Step 5: Resize file systems

This step describes how to resize the file systems of partitions within the instance.

  1. Resize the file systems within the instance based on the file system types that you obtained.
    • To resize ext* (such as ext4) file systems, run the following commands.
      To resize the file system of the /dev/vda1 partition of the system disk, run the following command:
      resize2fs /dev/vda1    
      To resize the file system of the /dev/vdb1 partition of a data disk, run the following command:
      resize2fs /dev/vdb1          
      Note /dev/vda1 and /dev/vdb1 are partition names. Replace them with your actual partition names.
    • To resize the xfs file system of the /dev/vdc1 partition of a data disk, run the following command:
      xfs_growfs /media/vdc
      Note /media/vdc is the mount point of the /dev/vdc1 partition. Replace it with the actual mount point of your partition.
    • To resize the btrfs file system of a data disk, run the following command:
      btrfs filesystem resize max /mountpoint
      Note /mountpoint is the mount point of the data disk. Replace it with the actual mount point of your data disk.
  2. Run the following command to check the resize results:
    df -Th

    A command output similar to the following one is displayed:

    Check the resize results
    After you resize the file systems, check whether their actual sizes are consistent with the new specified values.
    • If the file system sizes are increased to the new specified values and the business programs on the instance can run normally, the resize operation is complete.
    • If the file system sizes are not increased to the new specified values, use the snapshot that you created in Step 1 to roll back the disk.

FAQ

  • Question: When the growpart /dev/vda 1 command is run on a Linux instance, the unexpected output in sfdisk --version [sfdisk, from util-linux 2.23.2] error appears. What do I do?
    Answer:
    1. Run the locale command to view the character encoding type of the instance. If the character encoding type is not en_US.UTF-8, switch it to en_US.UTF-8.
      1. Run the following command to switch the character encoding type:
        LANG=en_US.UTF-8
      2. If the problem persists, run the following command to switch the character encoding type:
        export LC_ALL=en_US.UTF-8
      3. If the problem still persists, run the following command to switch the character encoding type:
        localectl set-locale LANG=en_US.UTF-8
      4. If the preceding solutions do not solve the problem, run the following command to switch the character encoding type:
        export LANGUAGE=en_US.UTF-8
    2. If the problem remains unsolved, run the reboot command to restart the instance.
    Notice

    If the partition is resized after you switch the character encoding type, we recommend that you switch back to the original character encoding type.

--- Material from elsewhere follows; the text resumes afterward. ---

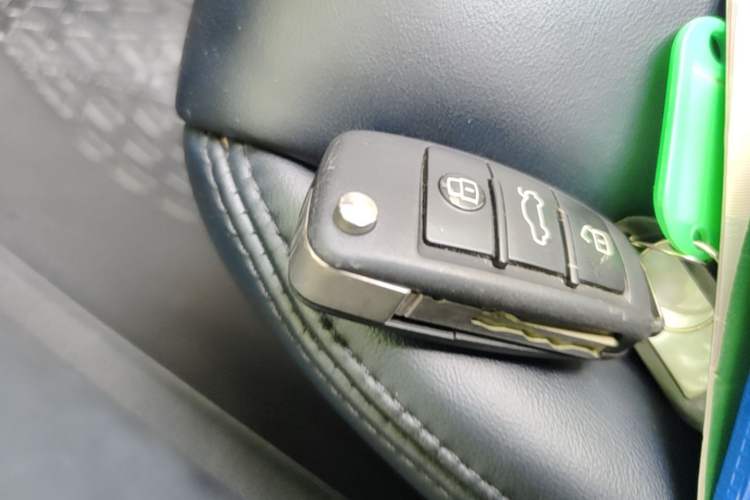 Used Audi Q2L 2020 35 TFSI Ambition Dynamic Edition Vehicle Key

  • Question: When the growpart /dev/vda 1 command is run on the Linux instance, the -bash: growpart: command not found error appears. What do I do?
    Answer:
    1. Run the uname -a command to check the version of the Linux kernel. The procedure described in this topic applies to Linux kernel 3.6.0 and later.

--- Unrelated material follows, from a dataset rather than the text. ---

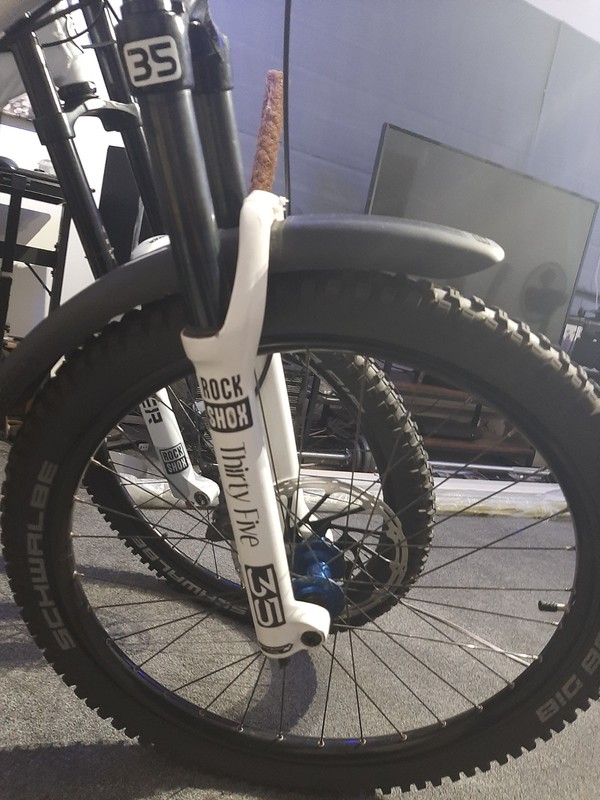 Rockshox 35 Gold RL Debonair Bike Fork 15mm X 110mm Thru Axle.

      If the version of the Linux kernel is earlier than 3.6.0, resize the partitions of disks after you resize the disks. For more information, see Procedure for instances with kernels earlier than 3.6.0 and Resize partitions and file systems of Linux data disks.

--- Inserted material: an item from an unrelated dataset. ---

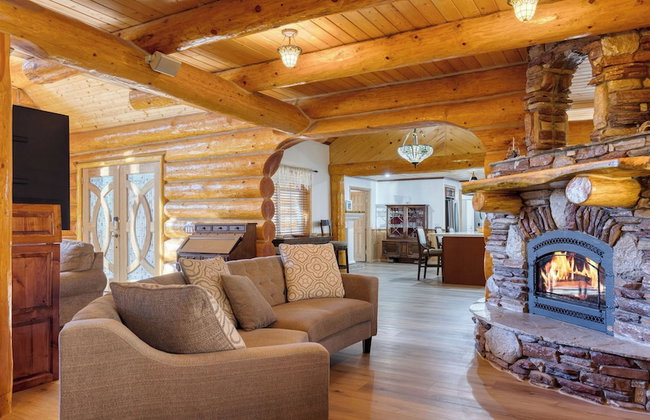 Pinetree Place by Avantstay Group Cabin w/ Hot Tub Minutes to the Lake - Photo 105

    2. Install the growpart tool.
      • If the instance runs a CentOS 7 or later operating system, run the following command:
        yum install -y cloud-utils-growpart
      • If the instance runs a Debian 8 or later operating system or an Ubuntu 14 or later operating system, run the following command:
        apt install -y cloud-guest-utils
  • Question: The growpart tool used to resize partitions cannot be installed on CentOS 6.5. Why?
    Answer: The Linux kernel version of CentOS 6 is earlier than 3.6.0. To install the growpart tool on CentOS 6, perform the following steps:
    1. Change the source address of the YUM repository on CentOS 6. For more information, see Change the CentOS 6 source address.
      Note CentOS 6 has reached its end of life (EOL). To install the software package on CentOS 6 by using YUM, change the source address of the YUM repository.